> [AIM OF THE TASK] Here is the task for the records below: repeat exactly the lines from the one with "Tech-Protect A45 MagSafe" to the one with "SucceBuy Universal Wireless", both included, and nothing else.

─── MATERIAL SHOWN

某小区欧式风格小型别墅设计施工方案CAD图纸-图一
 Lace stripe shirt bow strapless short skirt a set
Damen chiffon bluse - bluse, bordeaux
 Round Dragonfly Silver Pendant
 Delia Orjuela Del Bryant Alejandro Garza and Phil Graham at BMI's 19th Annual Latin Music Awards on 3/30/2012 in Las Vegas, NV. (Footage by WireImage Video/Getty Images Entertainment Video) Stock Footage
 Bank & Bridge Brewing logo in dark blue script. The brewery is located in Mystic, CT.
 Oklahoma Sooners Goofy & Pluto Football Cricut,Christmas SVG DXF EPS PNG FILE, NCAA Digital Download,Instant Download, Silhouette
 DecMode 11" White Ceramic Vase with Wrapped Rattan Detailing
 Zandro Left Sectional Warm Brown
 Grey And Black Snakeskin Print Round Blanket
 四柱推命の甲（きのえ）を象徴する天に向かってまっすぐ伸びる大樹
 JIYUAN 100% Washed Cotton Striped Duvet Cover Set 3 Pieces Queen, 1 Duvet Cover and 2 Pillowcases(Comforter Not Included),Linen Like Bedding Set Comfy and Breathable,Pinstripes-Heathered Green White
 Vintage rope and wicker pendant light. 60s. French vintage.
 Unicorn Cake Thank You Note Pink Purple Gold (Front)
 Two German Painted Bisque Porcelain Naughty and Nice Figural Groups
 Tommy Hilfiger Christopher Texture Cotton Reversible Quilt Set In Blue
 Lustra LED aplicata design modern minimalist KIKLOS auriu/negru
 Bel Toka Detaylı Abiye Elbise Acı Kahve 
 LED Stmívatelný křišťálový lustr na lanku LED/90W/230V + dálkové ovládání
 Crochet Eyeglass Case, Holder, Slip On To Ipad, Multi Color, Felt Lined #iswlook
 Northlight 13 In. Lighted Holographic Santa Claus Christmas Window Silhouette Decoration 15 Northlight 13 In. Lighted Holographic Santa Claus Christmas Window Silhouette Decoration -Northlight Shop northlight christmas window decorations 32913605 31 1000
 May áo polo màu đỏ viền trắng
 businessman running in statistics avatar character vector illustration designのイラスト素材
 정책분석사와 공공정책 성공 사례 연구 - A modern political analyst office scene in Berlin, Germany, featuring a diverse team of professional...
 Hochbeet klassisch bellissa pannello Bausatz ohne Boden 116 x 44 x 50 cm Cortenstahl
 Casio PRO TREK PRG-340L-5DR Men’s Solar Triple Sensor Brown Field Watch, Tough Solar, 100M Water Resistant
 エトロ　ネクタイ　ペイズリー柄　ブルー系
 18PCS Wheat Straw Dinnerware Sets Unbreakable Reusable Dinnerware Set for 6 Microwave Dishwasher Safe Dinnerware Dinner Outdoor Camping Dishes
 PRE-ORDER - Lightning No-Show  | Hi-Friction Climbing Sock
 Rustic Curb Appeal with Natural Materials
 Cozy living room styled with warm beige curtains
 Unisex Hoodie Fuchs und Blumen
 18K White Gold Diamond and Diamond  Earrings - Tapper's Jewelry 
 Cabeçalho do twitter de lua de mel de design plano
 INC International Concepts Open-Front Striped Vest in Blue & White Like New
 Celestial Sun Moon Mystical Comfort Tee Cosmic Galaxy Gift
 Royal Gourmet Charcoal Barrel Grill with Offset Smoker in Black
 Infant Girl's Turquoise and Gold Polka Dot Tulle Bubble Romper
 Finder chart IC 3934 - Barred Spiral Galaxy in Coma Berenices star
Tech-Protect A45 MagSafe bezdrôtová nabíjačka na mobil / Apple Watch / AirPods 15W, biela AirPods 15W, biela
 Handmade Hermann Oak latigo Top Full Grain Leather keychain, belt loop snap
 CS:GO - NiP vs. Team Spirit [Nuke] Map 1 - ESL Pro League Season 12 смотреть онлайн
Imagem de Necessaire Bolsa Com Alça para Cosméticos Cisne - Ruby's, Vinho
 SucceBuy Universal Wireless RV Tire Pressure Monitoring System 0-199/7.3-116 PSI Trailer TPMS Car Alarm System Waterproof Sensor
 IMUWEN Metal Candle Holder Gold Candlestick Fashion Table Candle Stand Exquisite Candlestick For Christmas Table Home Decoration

──────

> [TASK RESULT]
Tech-Protect A45 MagSafe bezdrôtová nabíjačka na mobil / Apple Watch / AirPods 15W, biela AirPods 15W, biela
 Handmade Hermann Oak latigo Top Full Grain Leather keychain, belt loop snap
 CS:GO - NiP vs. Team Spirit [Nuke] Map 1 - ESL Pro League Season 12 смотреть онлайн
Imagem de Necessaire Bolsa Com Alça para Cosméticos Cisne - Ruby's, Vinho
 SucceBuy Universal Wireless RV Tire Pressure Monitoring System 0-199/7.3-116 PSI Trailer TPMS Car Alarm System Waterproof Sensor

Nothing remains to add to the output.